+++ Provided data +++
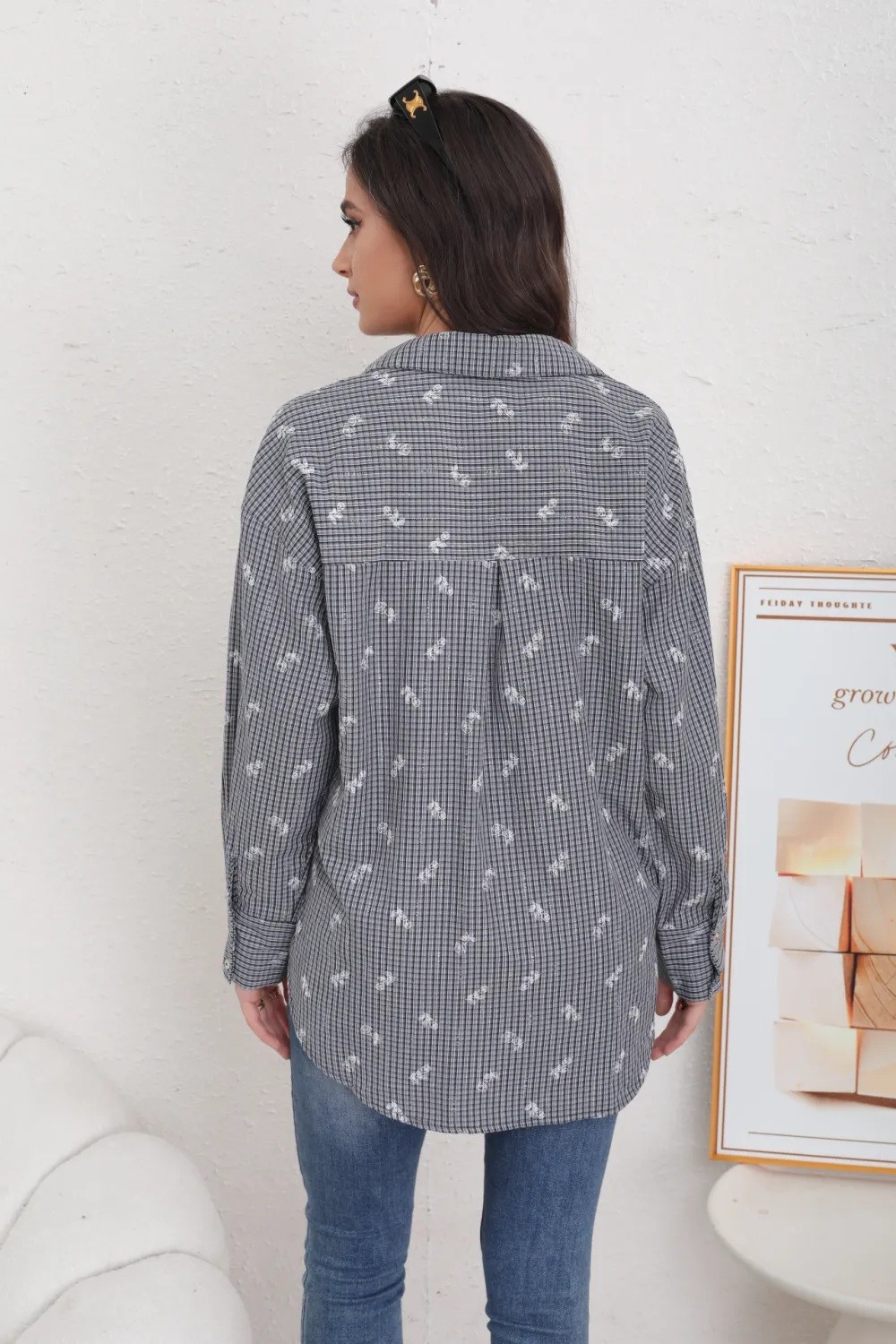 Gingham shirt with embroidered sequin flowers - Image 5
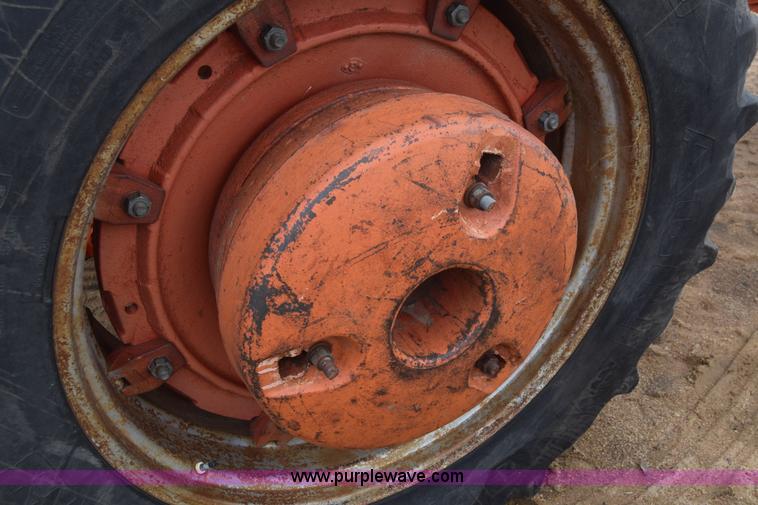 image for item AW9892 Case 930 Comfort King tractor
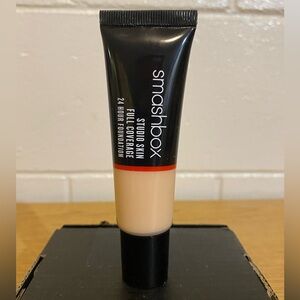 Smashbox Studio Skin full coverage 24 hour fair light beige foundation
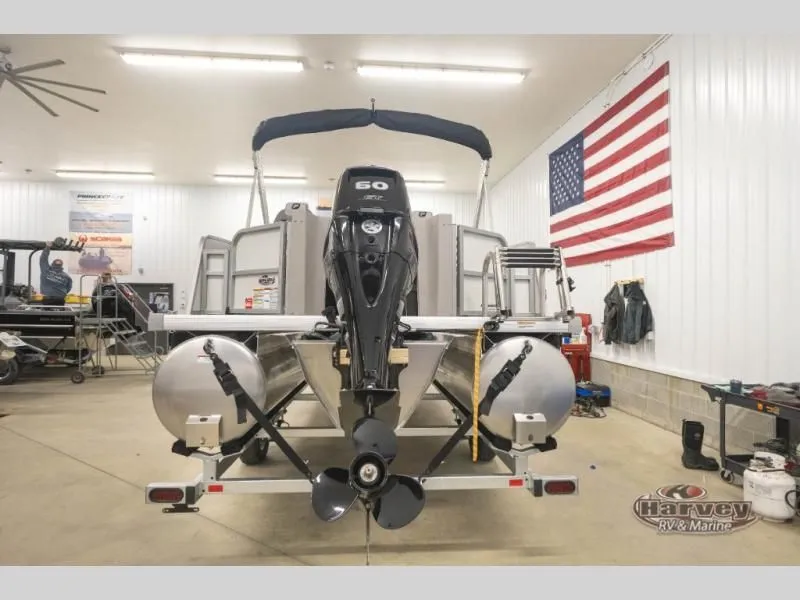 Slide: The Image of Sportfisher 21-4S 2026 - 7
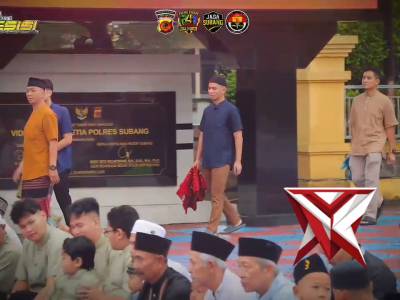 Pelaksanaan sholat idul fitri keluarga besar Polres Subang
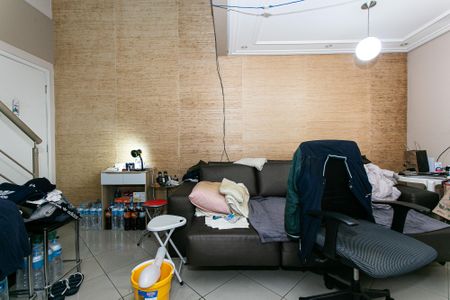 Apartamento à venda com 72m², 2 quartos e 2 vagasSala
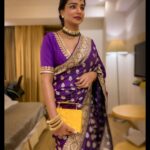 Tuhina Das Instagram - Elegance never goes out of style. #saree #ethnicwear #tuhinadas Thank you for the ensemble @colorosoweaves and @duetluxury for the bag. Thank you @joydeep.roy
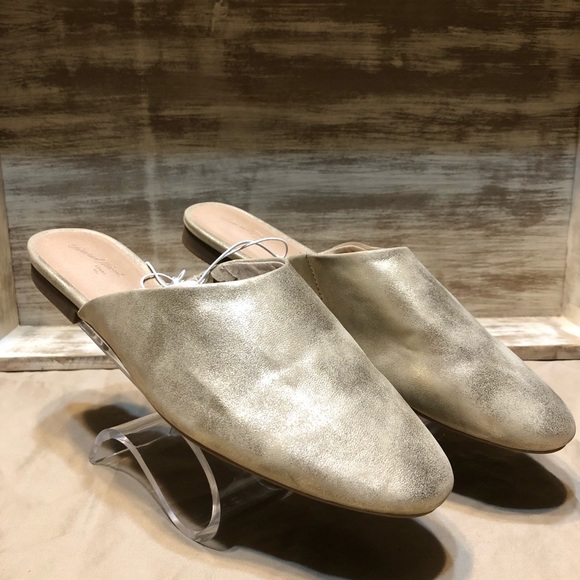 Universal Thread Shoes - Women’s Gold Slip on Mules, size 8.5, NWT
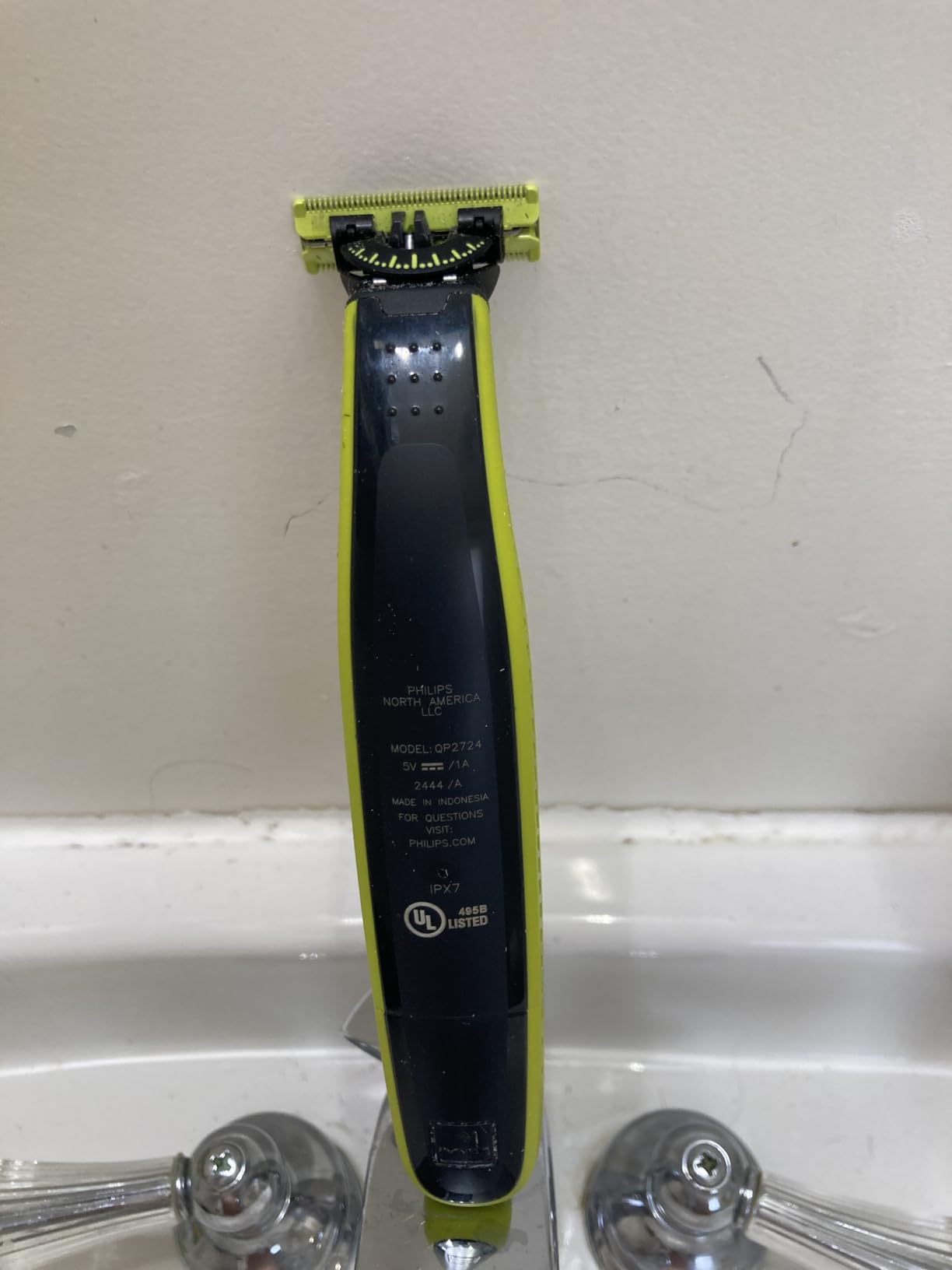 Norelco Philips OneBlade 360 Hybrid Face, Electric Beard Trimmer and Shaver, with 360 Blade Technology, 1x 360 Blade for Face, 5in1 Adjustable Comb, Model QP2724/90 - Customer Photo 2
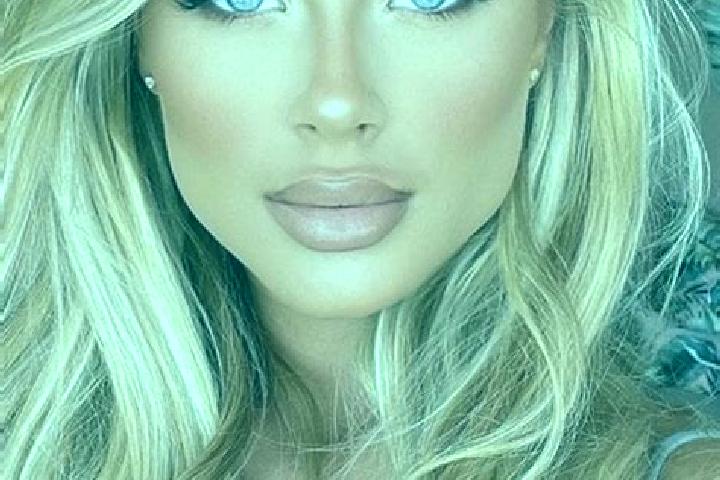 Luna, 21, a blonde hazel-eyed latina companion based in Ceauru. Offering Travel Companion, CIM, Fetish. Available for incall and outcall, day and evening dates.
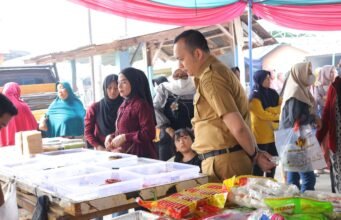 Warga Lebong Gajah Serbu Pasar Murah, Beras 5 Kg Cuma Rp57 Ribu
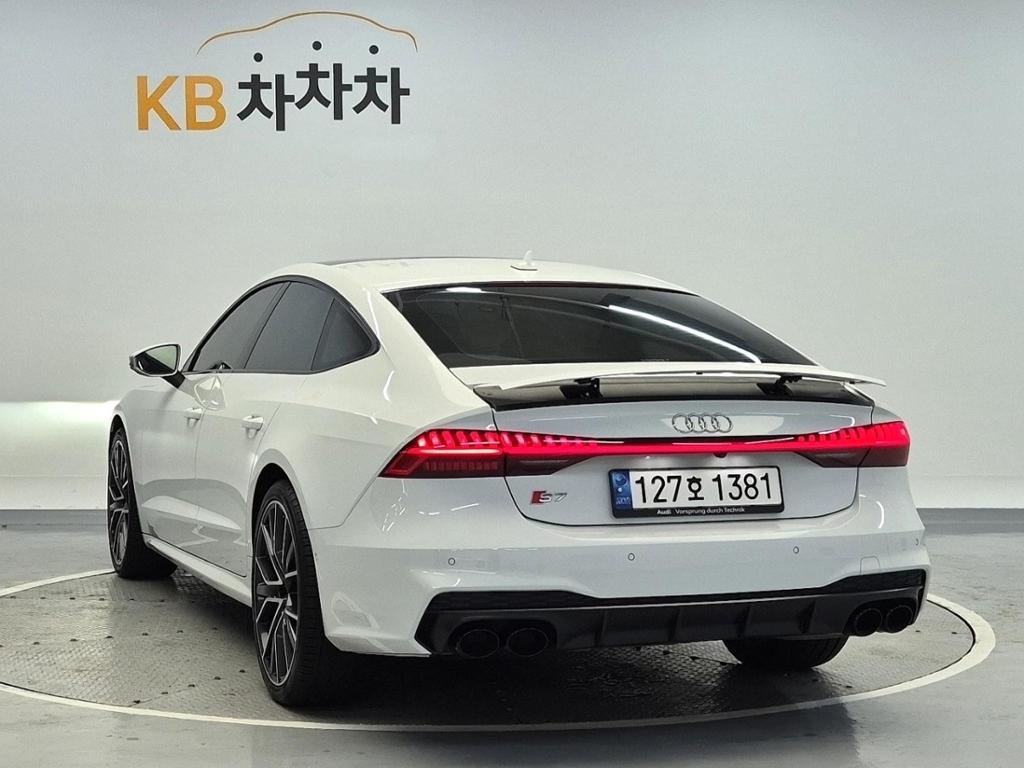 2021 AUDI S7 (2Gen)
+++
Return exactly the lines of the material above, starting at the line containing "Apartamento à venda" and finishing at the line containing "Norelco Philips OneBlade", without any pictures.

> **Output**:
 Apartamento à venda com 72m², 2 quartos e 2 vagasSala
 Tuhina Das Instagram - Elegance never goes out of style. #saree #ethnicwear #tuhinadas Thank you for the ensemble @colorosoweaves and @duetluxury for the bag. Thank you @joydeep.roy
 Universal Thread Shoes - Women’s Gold Slip on Mules, size 8.5, NWT
 Norelco Philips OneBlade 360 Hybrid Face, Electric Beard Trimmer and Shaver, with 360 Blade Technology, 1x 360 Blade for Face, 5in1 Adjustable Comb, Model QP2724/90 - Customer Photo 2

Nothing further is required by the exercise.